(Crawled caption data)
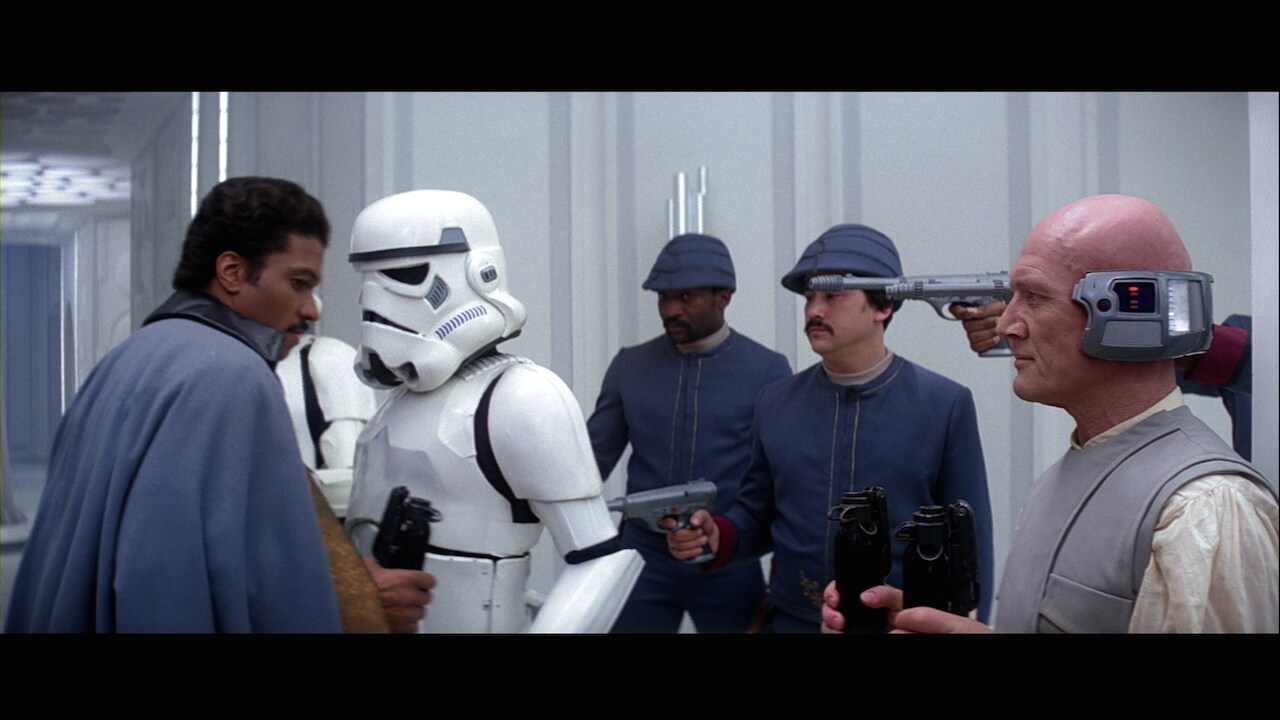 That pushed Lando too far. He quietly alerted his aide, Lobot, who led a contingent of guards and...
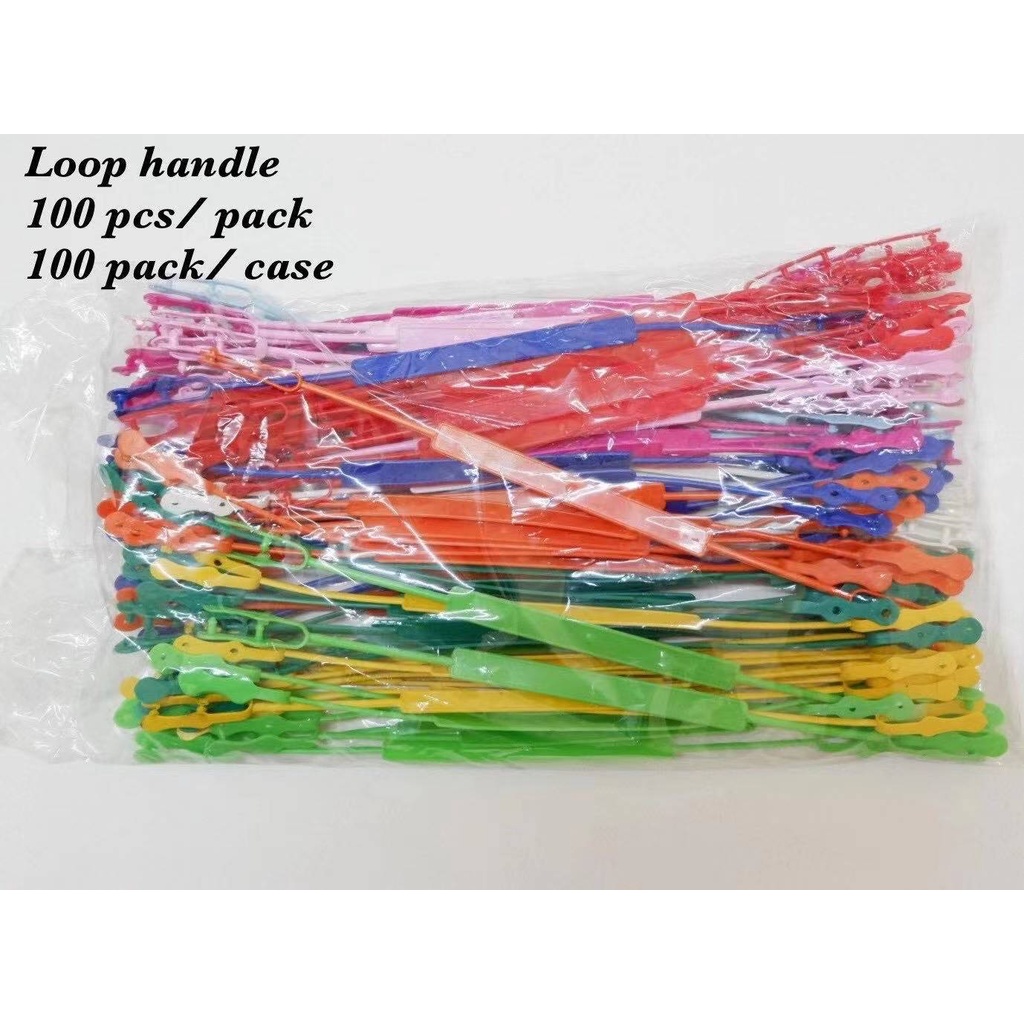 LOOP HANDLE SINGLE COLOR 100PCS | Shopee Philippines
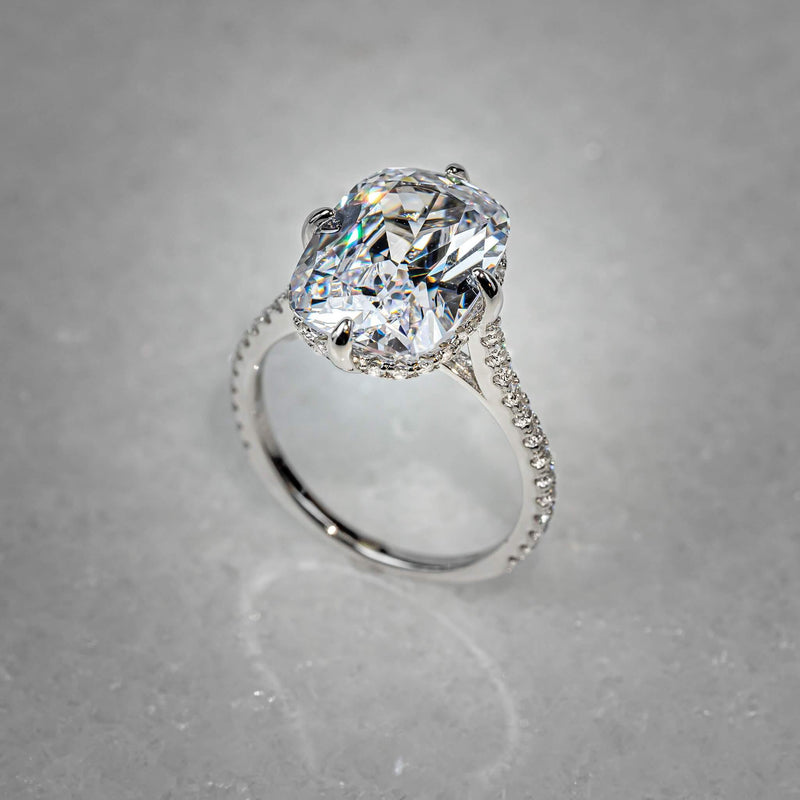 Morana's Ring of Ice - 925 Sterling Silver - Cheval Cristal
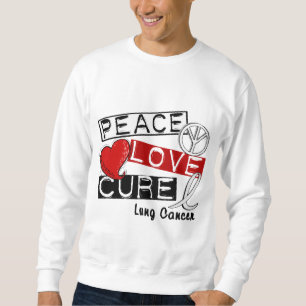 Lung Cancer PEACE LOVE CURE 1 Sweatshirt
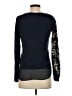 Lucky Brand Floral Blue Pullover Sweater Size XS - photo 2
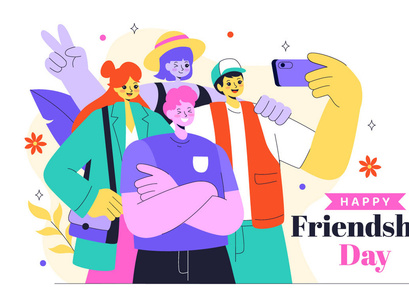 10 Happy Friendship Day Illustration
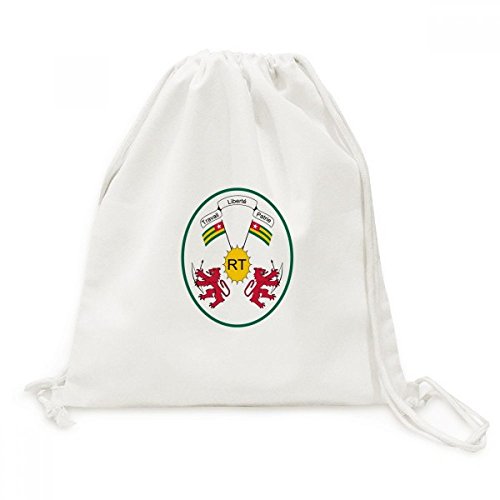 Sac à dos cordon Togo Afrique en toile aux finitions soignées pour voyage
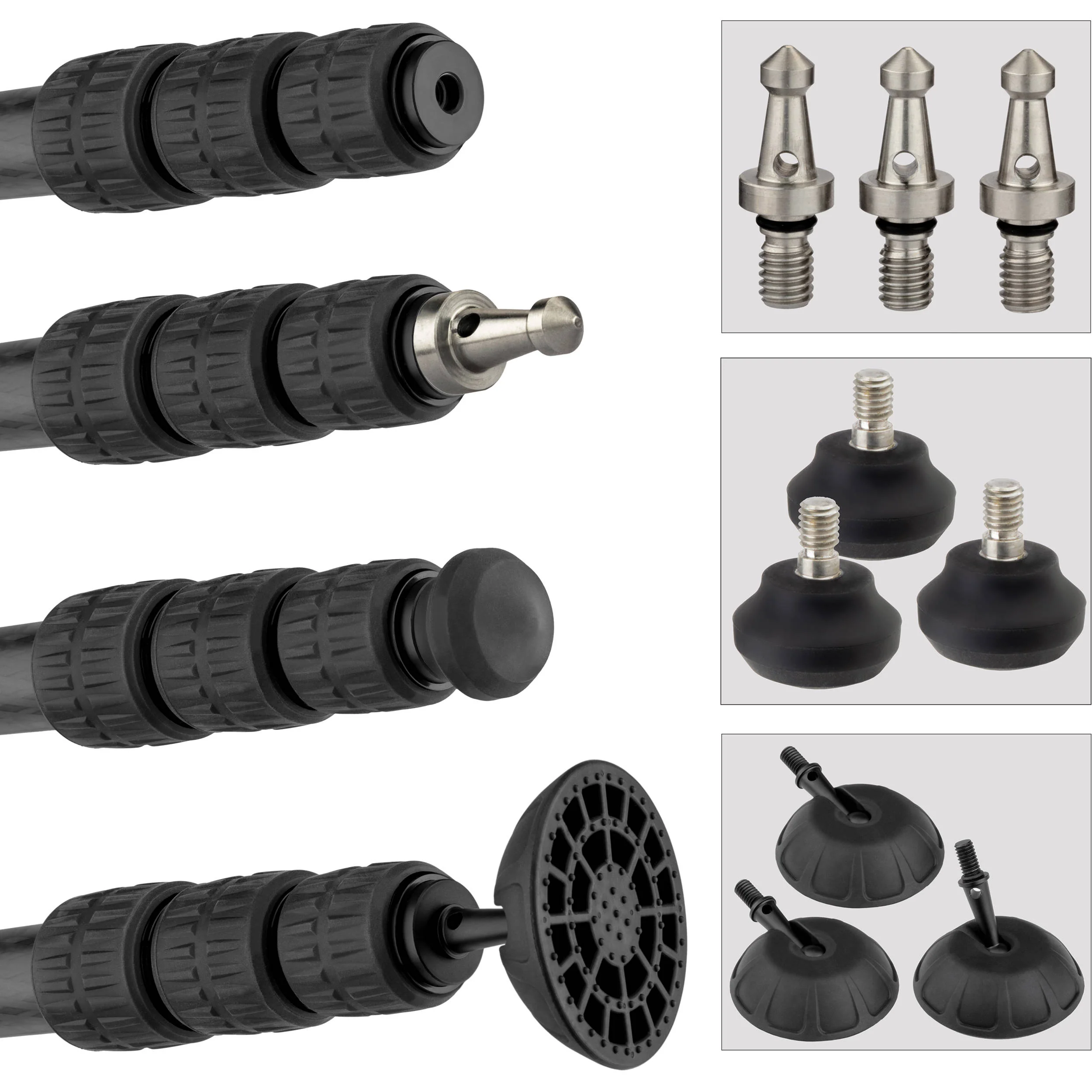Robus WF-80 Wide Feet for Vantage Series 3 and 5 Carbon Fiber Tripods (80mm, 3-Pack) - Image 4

=== Task statement ===
Return the lines from the one containing "Lucky Brand Floral" through the last line of the records, both included, exactly as written and with no pictures.

=== Output ===
 Lucky Brand Floral Blue Pullover Sweater Size XS - photo 2
 10 Happy Friendship Day Illustration
 Sac à dos cordon Togo Afrique en toile aux finitions soignées pour voyage
Robus WF-80 Wide Feet for Vantage Series 3 and 5 Carbon Fiber Tripods (80mm, 3-Pack) - Image 4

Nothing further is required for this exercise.